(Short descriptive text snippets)

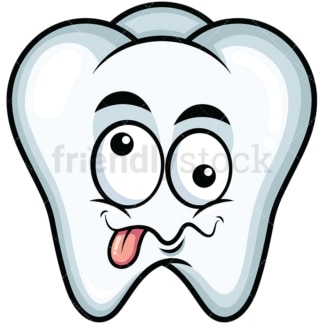 Goofy crazy eyes tooth emoticon. PNG - JPG and vector EPS file formats (infinitely scalable). Image isolated on transparent background.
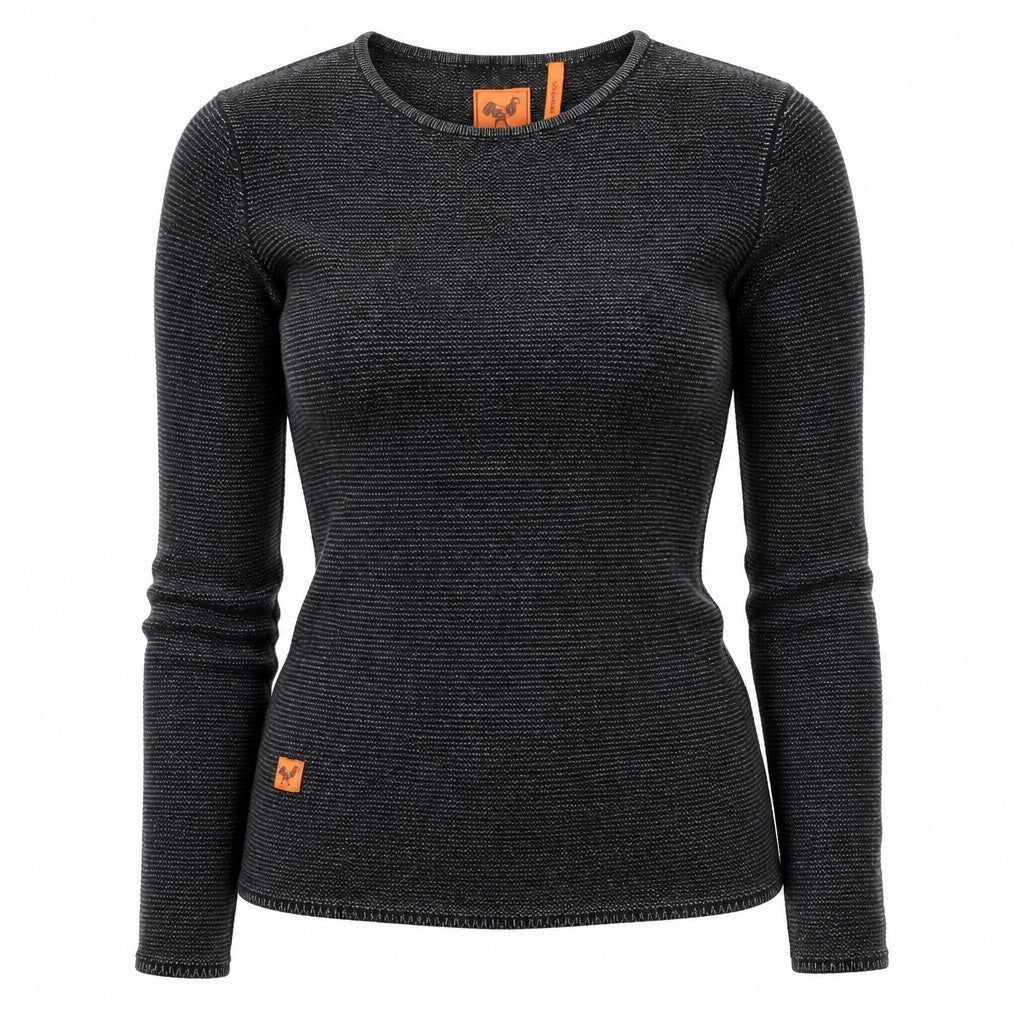 Schwarzes Twill-Sweatshirt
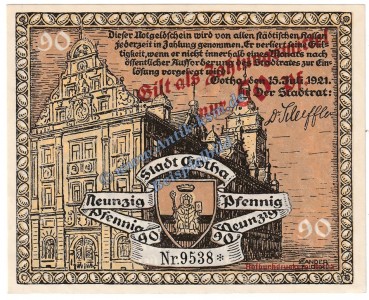Preview: Gotha , Notgeld 50 Pfennig Überdruck Nr.1 in kfr. M-G 456.9.a , Thüringen 1921 Seriennotgeld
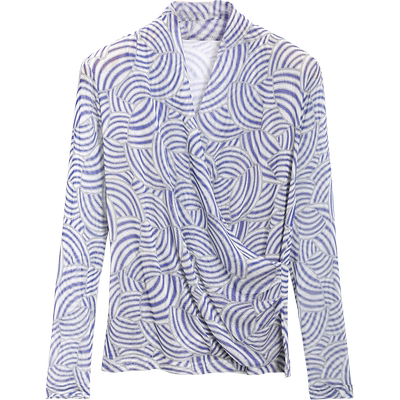 米皇春夏新款斜搭领长袖T恤女衫高级时尚洋气减龄桑蚕丝上衣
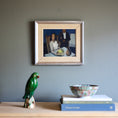 Load image into Gallery viewer, Mid Century Original Dining Scene Oil Painting from Sweden
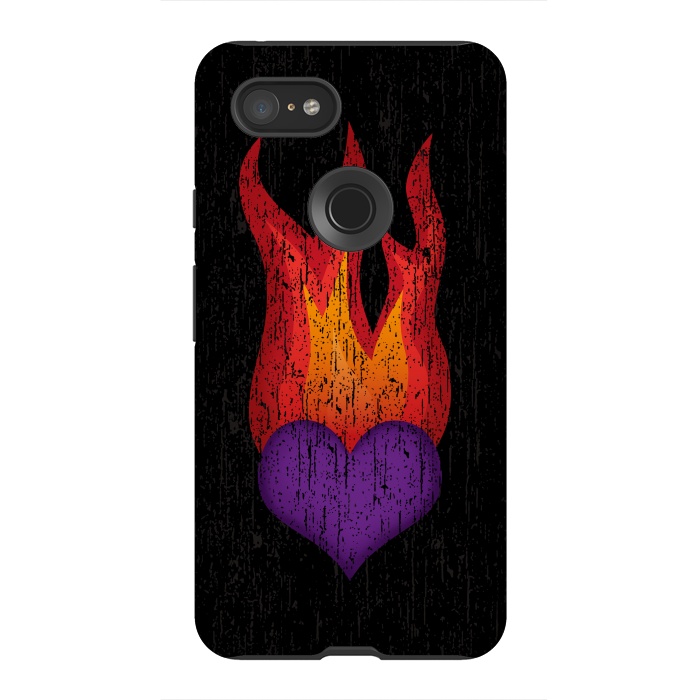 Pixel 3XL StrongFit Heart on Fire by Majoih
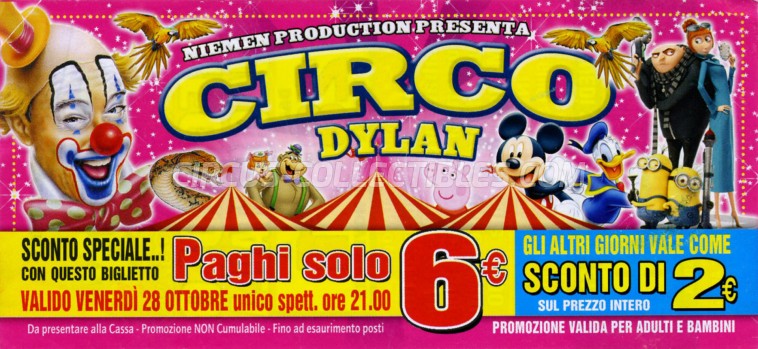 Dylan Circus Ticket/Flyer - Italy 2016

◆ EXERCISE PROMPT
Could you reproduce every entry exactly, leaving out the pictures?

◆ EXERCISE OUTPUT
 Goofy crazy eyes tooth emoticon. PNG - JPG and vector EPS file formats (infinitely scalable). Image isolated on transparent background.
 Schwarzes Twill-Sweatshirt
Preview: Gotha , Notgeld 50 Pfennig Überdruck Nr.1 in kfr. M-G 456.9.a , Thüringen 1921 Seriennotgeld
 米皇春夏新款斜搭领长袖T恤女衫高级时尚洋气减龄桑蚕丝上衣
 Load image into Gallery viewer, Mid Century Original Dining Scene Oil Painting from Sweden
 Pixel 3XL StrongFit Heart on Fire by Majoih
 Dylan Circus Ticket/Flyer - Italy 2016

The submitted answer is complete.